*** Material for this task Section Begins ***

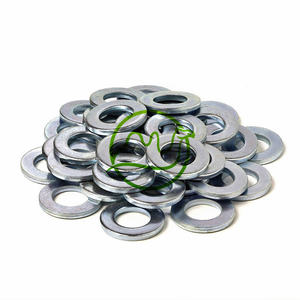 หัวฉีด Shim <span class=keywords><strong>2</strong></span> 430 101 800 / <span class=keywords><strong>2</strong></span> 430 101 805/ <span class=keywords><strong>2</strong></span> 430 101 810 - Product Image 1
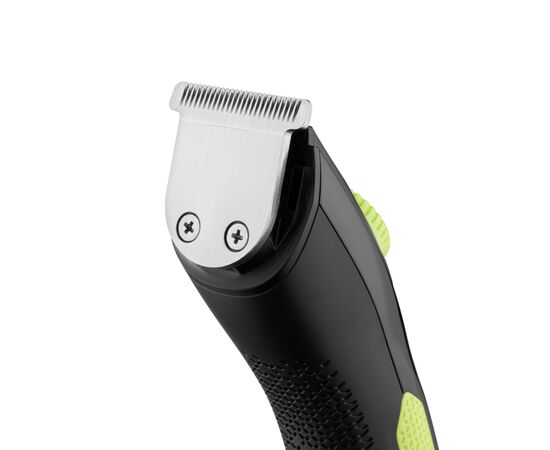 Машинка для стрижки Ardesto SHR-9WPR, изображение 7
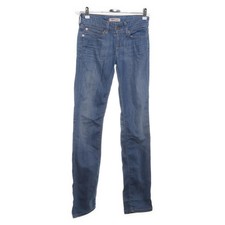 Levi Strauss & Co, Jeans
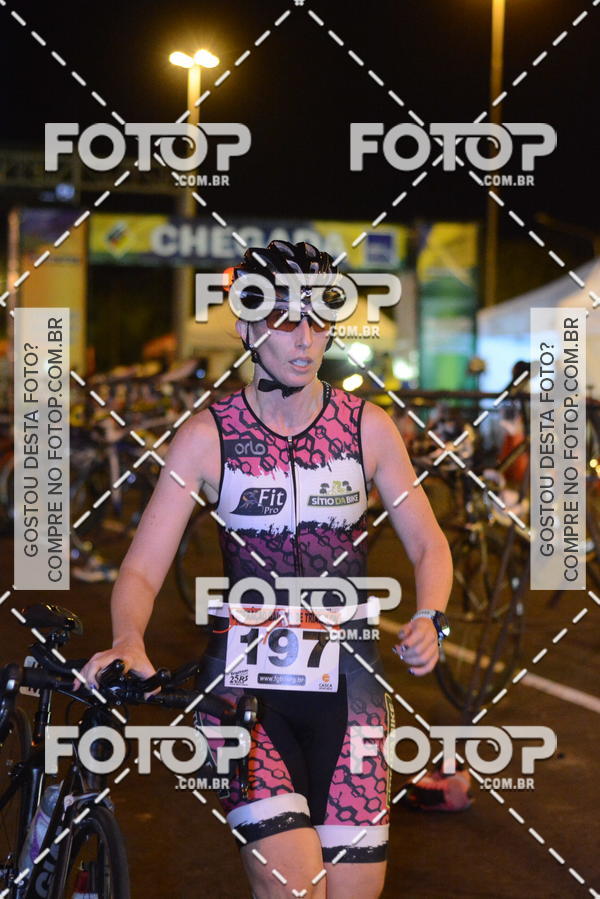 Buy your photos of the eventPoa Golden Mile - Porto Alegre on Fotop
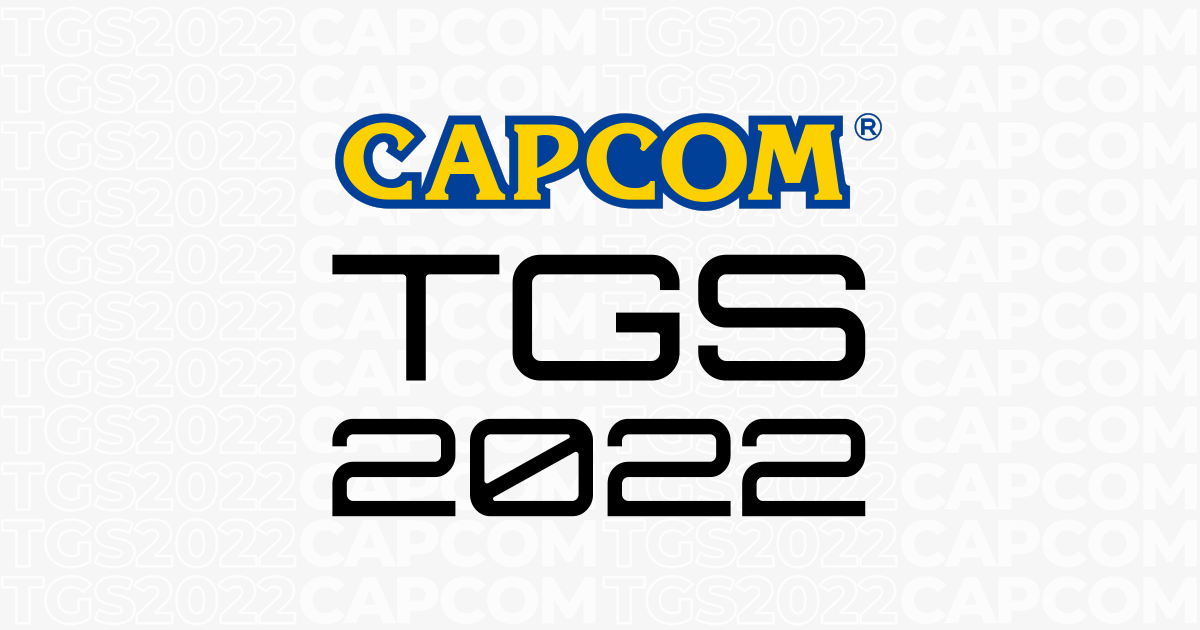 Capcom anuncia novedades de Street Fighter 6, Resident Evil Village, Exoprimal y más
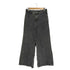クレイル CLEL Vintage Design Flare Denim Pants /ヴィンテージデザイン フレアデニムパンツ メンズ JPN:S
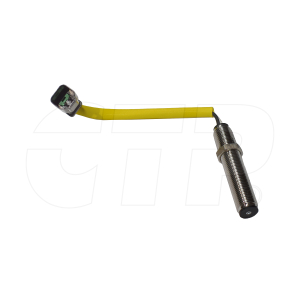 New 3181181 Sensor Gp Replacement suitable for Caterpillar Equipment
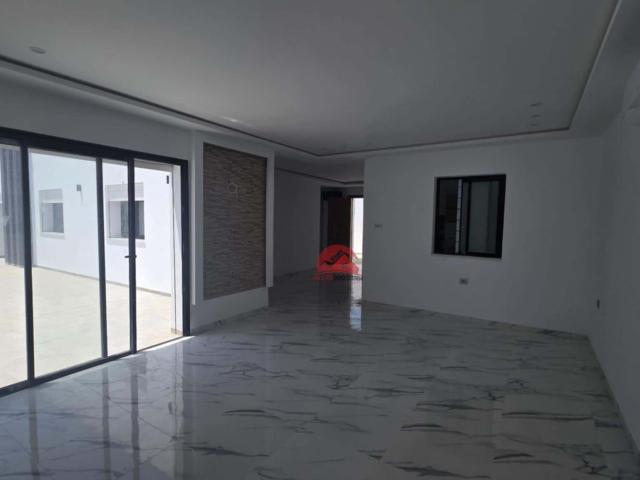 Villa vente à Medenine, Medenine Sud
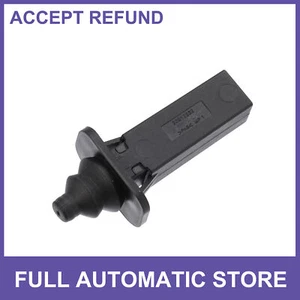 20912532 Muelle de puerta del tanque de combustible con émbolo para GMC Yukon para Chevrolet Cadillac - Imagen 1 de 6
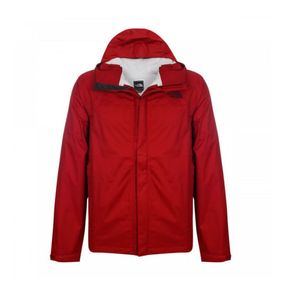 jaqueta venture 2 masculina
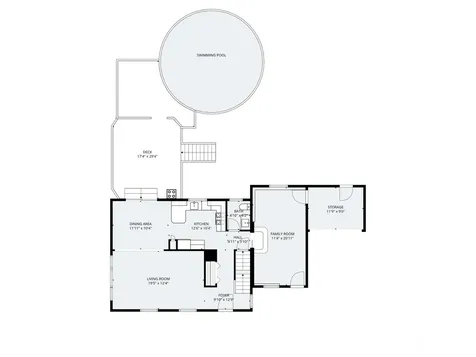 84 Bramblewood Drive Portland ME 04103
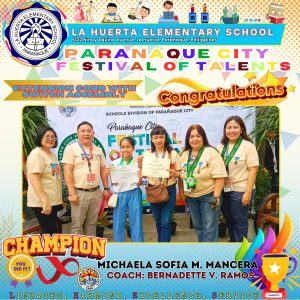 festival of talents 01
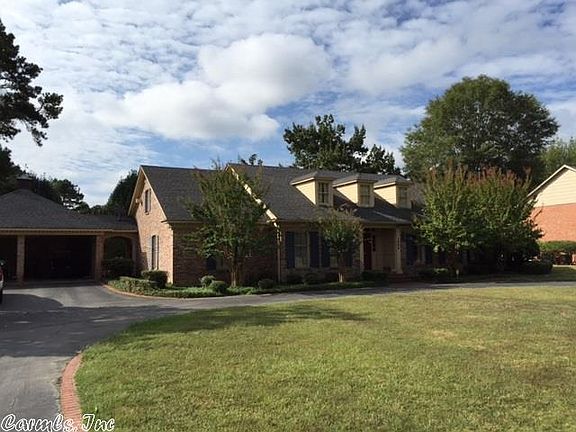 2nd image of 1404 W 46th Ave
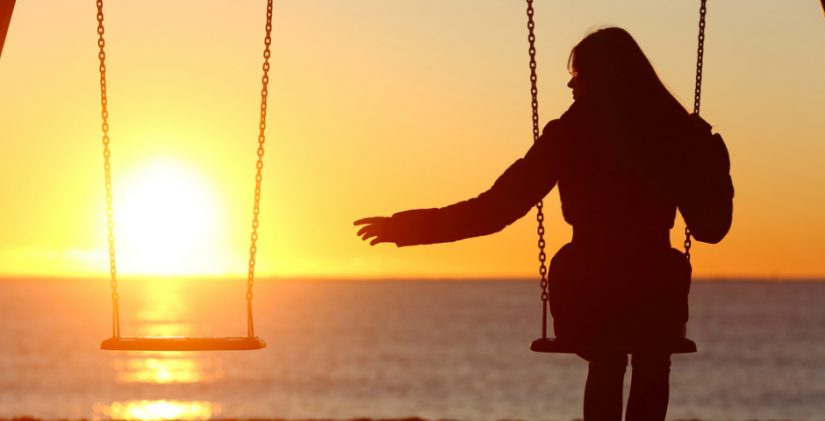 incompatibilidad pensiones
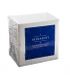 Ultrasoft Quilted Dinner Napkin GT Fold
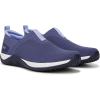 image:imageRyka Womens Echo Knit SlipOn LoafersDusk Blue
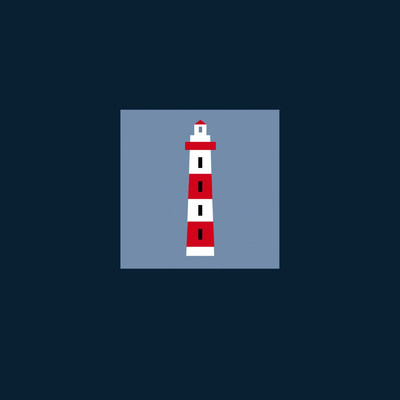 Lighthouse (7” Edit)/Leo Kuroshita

*** Material for this task Section Ends ***

Except for the pictures, set down each line of the records exactly as it appears.

 หัวฉีด Shim <span class=keywords><strong>2</strong></span> 430 101 800 / <span class=keywords><strong>2</strong></span> 430 101 805/ <span class=keywords><strong>2</strong></span> 430 101 810 - Product Image 1
 Машинка для стрижки Ardesto SHR-9WPR, изображение 7
 Levi Strauss & Co, Jeans
 Buy your photos of the eventPoa Golden Mile - Porto Alegre on Fotop
 Capcom anuncia novedades de Street Fighter 6, Resident Evil Village, Exoprimal y más
クレイル CLEL Vintage Design Flare Denim Pants /ヴィンテージデザイン フレアデニムパンツ メンズ JPN:S
 New 3181181 Sensor Gp Replacement suitable for Caterpillar Equipment
 Villa vente à Medenine, Medenine Sud
 20912532 Muelle de puerta del tanque de combustible con émbolo para GMC Yukon para Chevrolet Cadillac - Imagen 1 de 6
 jaqueta venture 2 masculina
 84 Bramblewood Drive Portland ME 04103
 festival of talents 01
 2nd image of 1404 W 46th Ave
 incompatibilidad pensiones
 Ultrasoft Quilted Dinner Napkin GT Fold
 image:imageRyka Womens Echo Knit SlipOn LoafersDusk Blue
 Lighthouse (7” Edit)/Leo Kuroshita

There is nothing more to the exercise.